What is a god? In a priesthood meeting, the teacher had gone on a tear about the Trinity. It made no sense, he argued, for a being to be three in one or one in three. To consider such an idea simply confused the mind. On a whim, I considered it, probing the possibility. The beams girding my Mormon mind creaked from this unexpected movement, some mental plumbing shuddered, and then a still, small door opened.
As I stood watching the canyon wall, the wind and the hike forgotten, that door in my mind blew open again, this time ripped right from its hinges. The Trinity was child’s play. Here was an entire gallery of gods.
But what are these gods? Some seem shadows, others more architecture than organism. Do they have faces? Eyes? Hands? They tower. They sway. Snakes crawl in their lungs. Animals fight in their hearts. Ghosts slip through their eyes.
Is this what the gods are like?
We don’t meet gods. We don’t see or touch them. We brush up against something that may have once felt a god’s breath in a dream—like thousand-year-old paintings on the wall of a rock canyon, or the story of a 14-year-old boy. And then we tell stories about that possible breath, praying that our words will break apart, that fault lines will shift, that doors will fly open.
That we, too, will begin to dream.
You had me thinking of Prometheus (the movie) for a second there.
I like the phrase “still, small door”. Actually, I like that whole sentence. Nice image. Nice idea.
Mind if I base a poem on this post? I’ve got a thing for cave paintings and moments of epiphany. There’s probably a good sci-fi story in here as well. Can I have that, too?
Hmm. Haven’t seen Prometheus yet.
Go crazy, Mark. As T. S. Eliot said, “when a man of genius steals, he always makes the thefts his own.”

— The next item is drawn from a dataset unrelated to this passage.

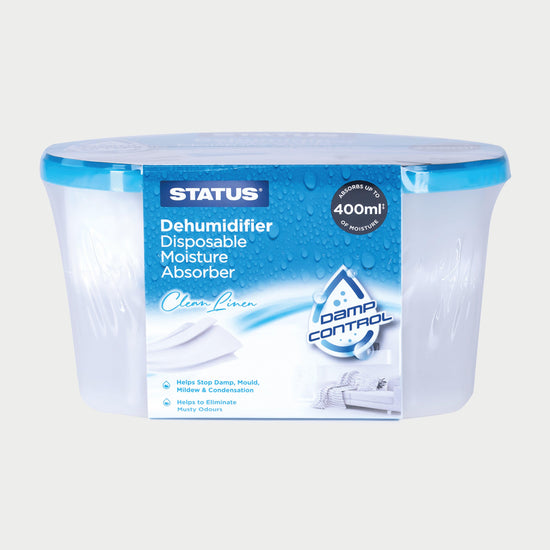 Clean Linen Dehumidifier Moisture Absorber 400ml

Eliot would agree with the words “When a man of genius steals, he always makes the thefts his own” but they were actually written by George Saintsbury.
So this is the beginning of another great Stephen Carter essay, right? Not that it doesn’t feel complete. But I want more, bud. This is beautiful.
Poem’s nearly done. Just tweaking the vocabulary a bit. I’ll email a copy to you as a gift. It it appropriate to say that here?
Is it… There should be a ten-minute edit period on comments and replies.
(a) Very nice post. I second Lisa — I’d like to see more.
(b) If Mark and Stephen both feel comfortable with it, I’d welcome seeing a link to that poem here…
I live to serve.
Tracking the Gods
A short story is on the way, too. Anybody wanna see that?
I love how you made the pictographs standout from the rock. My wife and I study rockart in Northern British Columbia and would love to try this on the paintings we have recorded. Can you tell me how you did this? It would great for her research.
Cheers
If you follow the link under the picture, you’ll find the photographer’s description of equipment and procedure.